Er hatte also immer noch die Chance, frühzeitig zu reagieren. Höchstens anfangs wäre es zu einer Nachfrage bei ihm gekommen. Er hätte etwas Lapidares geantwortet und wäre verschwunden. Also war Uta Hansens Hinweis auf genaue Überprüfung von Britta Kern sein Startsignal gewesen. Aber Roland Ernst hatte sich Britta geholt. Zu zweit, zumal wenn einer gezwungen wird, ist es schlecht zu verreisen. Wurde Britta Kern gezwungen? Das sollte man mit Ja beantworten können. Sie liebte Rainer West. Das war keine Ablenkung, weil die Unsinn wäre. Also musste Britta Kern gezwungen werden mitzukommen. Unter Drogen? Das würde irgendwann auffallen und wäre keine Dauerlösung. Hatte Roland Ernst Britta bereits getötet? Damit wäre er frei– und töten machte ihm nichts mehr aus. Trotzdem machte das keinen Sinn.

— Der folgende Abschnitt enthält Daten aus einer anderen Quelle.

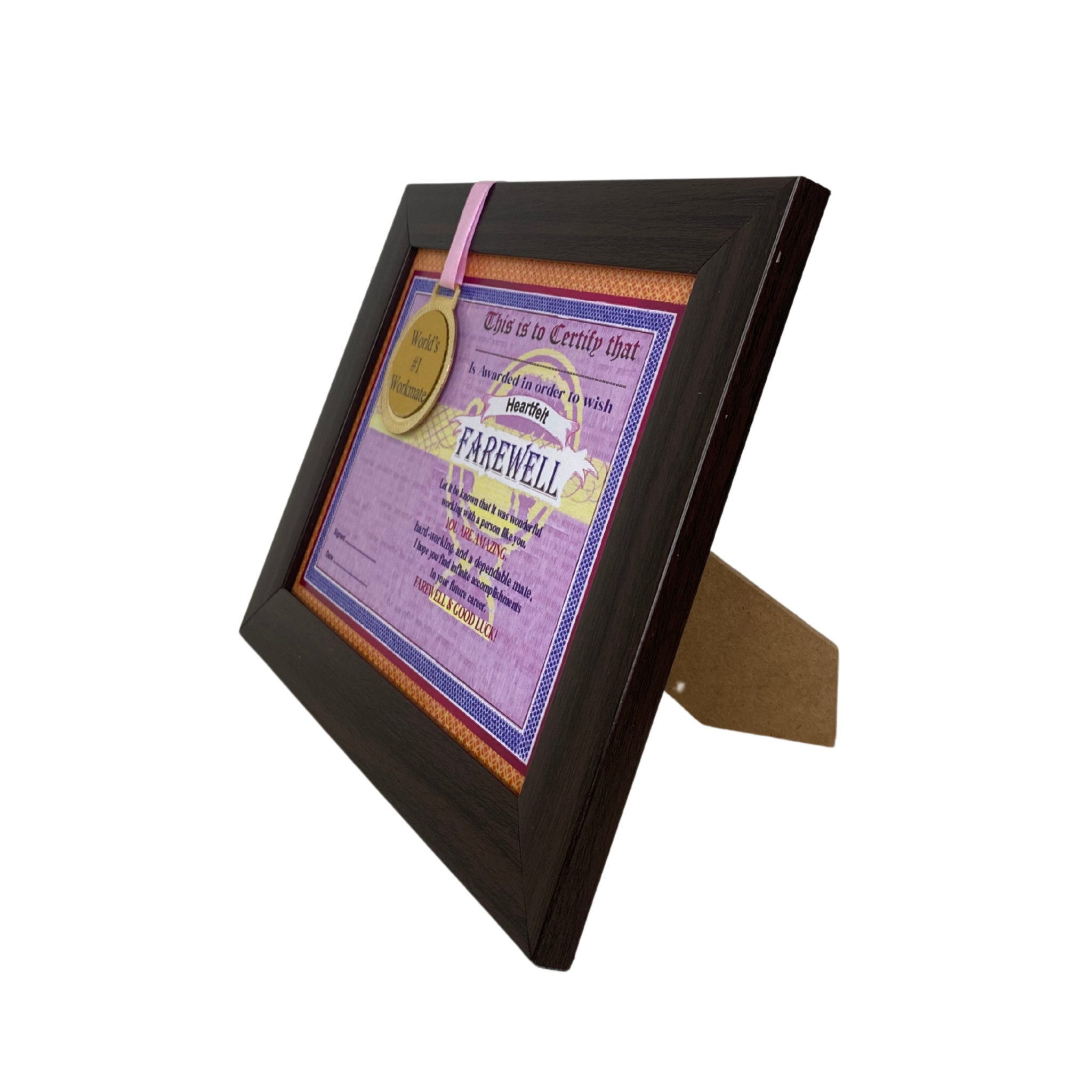 The World's Best Father Framed Certificate with World's #1 Father Gold Medal- Unique Gifts for Father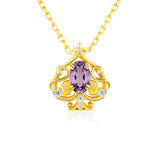 Leafy Spade Amethyst Necklace (Yellow Gold)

Wenn er Britta hätte töten wollen, hätte er das gleich zu Anfang gemacht, ohne den mühsamen Umweg über Rainer. Und jetzt töten, wo Britta in seinen Händen war, machte noch weniger Sinn. Irgendetwas war faul.
Diese Überlegungen ließ Hauptkommissarin Uta Hansen in ihrem Kopf ablaufen.
»Irgendetwas stinkt!«, schimpfte sie laut vor sich hin.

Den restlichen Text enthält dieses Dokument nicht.